L.C : Je trouve passionnant de travailler avec de jeunes danseuses et danseurs, comme j’ai pu le faire ces dernières années. À La Villette, nous proposons cette année non seulement Relative Calm, avec la jeune compagnie MP3 Dance Project, mais aussi Lucinda Childs x 100, avec une centaine d’élèves du Conservatoire. Je sens que cette relation à la jeune génération est importante. Et j’aime venir leur présenter le travail en personne, physiquement, et pas simplement par vidéo. C’est comme ça que nous avons procédé avec Michele Pogliani : je me suis installée à Rome pour être en mesure de travailler directement avec les danseurs et danseuses, même pendant la pandémie. Cela fait une grande différence qu’ils aient eu cette expérience d’apprendre et d’interpréter l’œuvre en ma présence, avec moi.
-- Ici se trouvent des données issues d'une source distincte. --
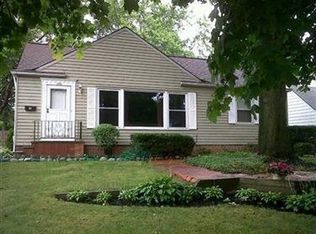 1333 Beaconfield Rd, Lyndhurst, OH 44124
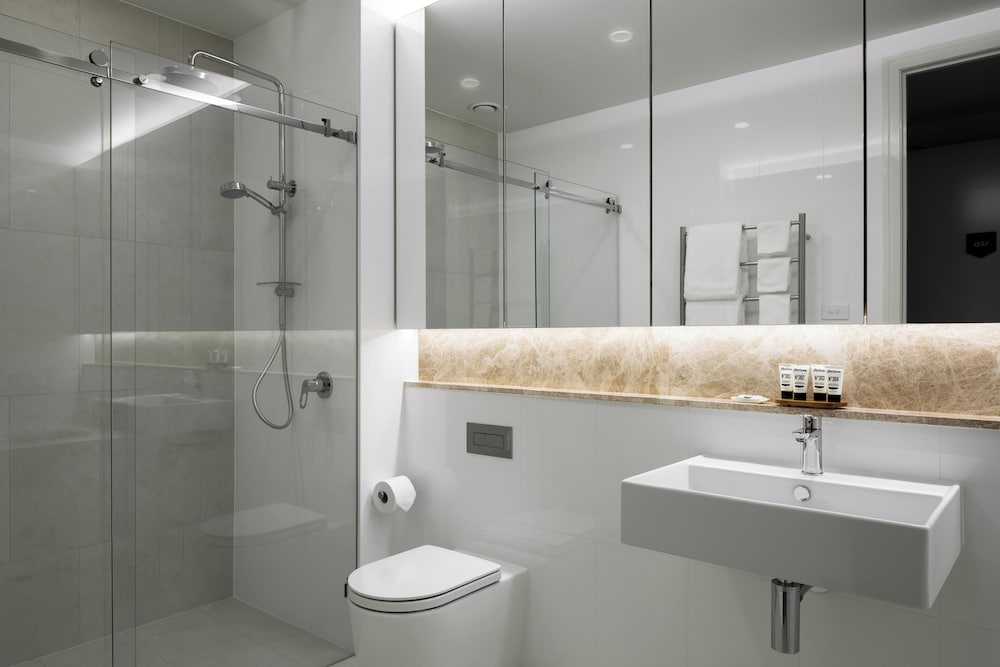 Knightsbridge Canberra 57/61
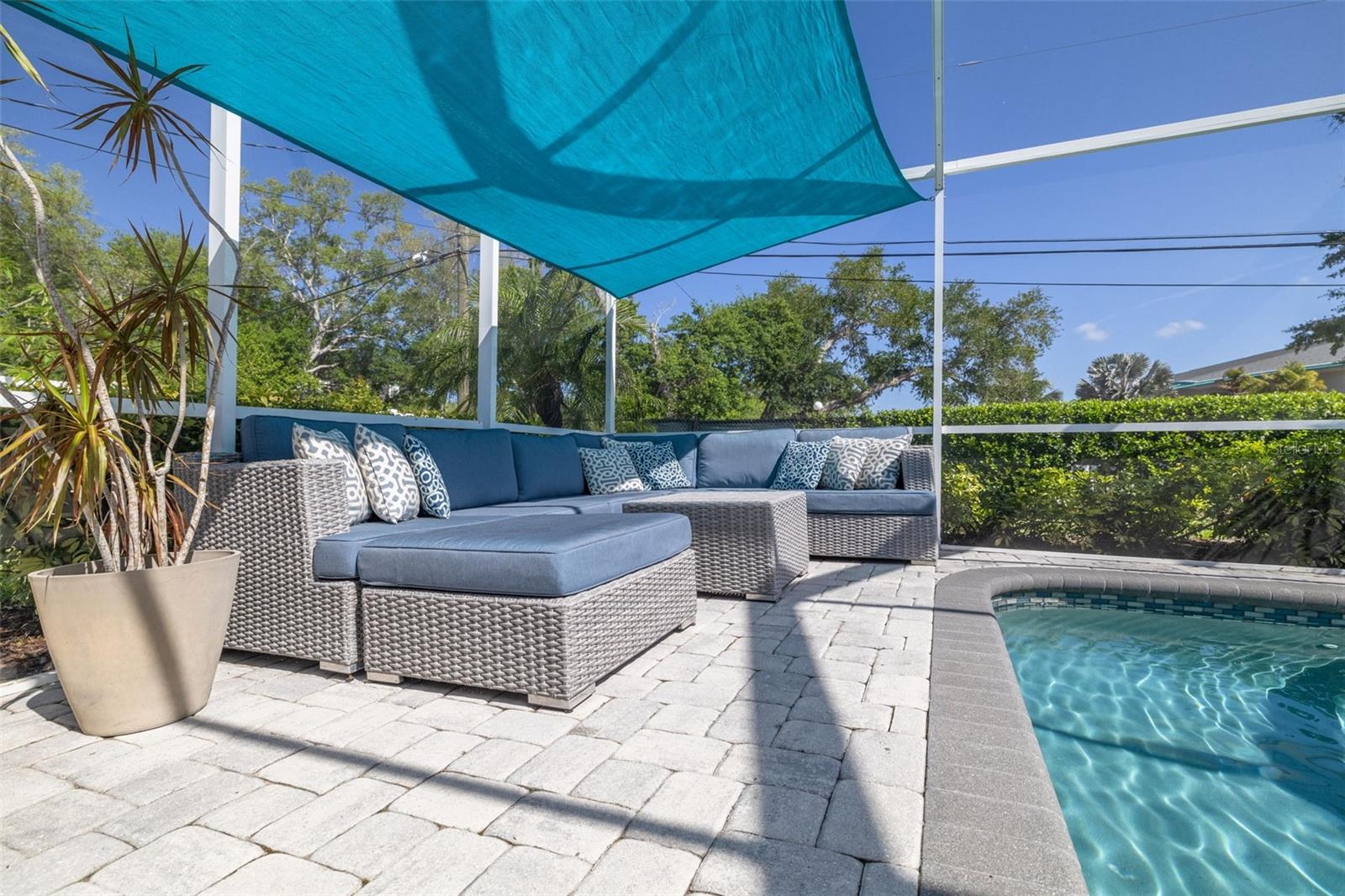 Image 27 of 33 For 3176 San Jose Street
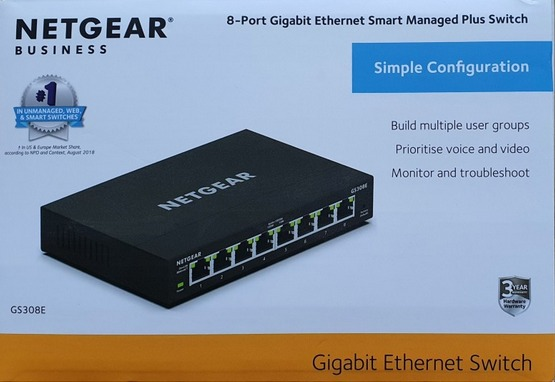Eine Box mit NETGEAR-Logo und Produktinformationen.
Le travail de Michele a été un merveilleux cadeau pour aider à réactiver mes chorégraphies, ce qui n’était pas une mince affaire. Dans ce travail, je dois également créditer Ty Boomershine, un autre ancien danseur de ma compagnie new-yorkaise, qui nous a aidés.

• D’où viennent le texte et les images qui composent les “knee plays” de Relative Calm ?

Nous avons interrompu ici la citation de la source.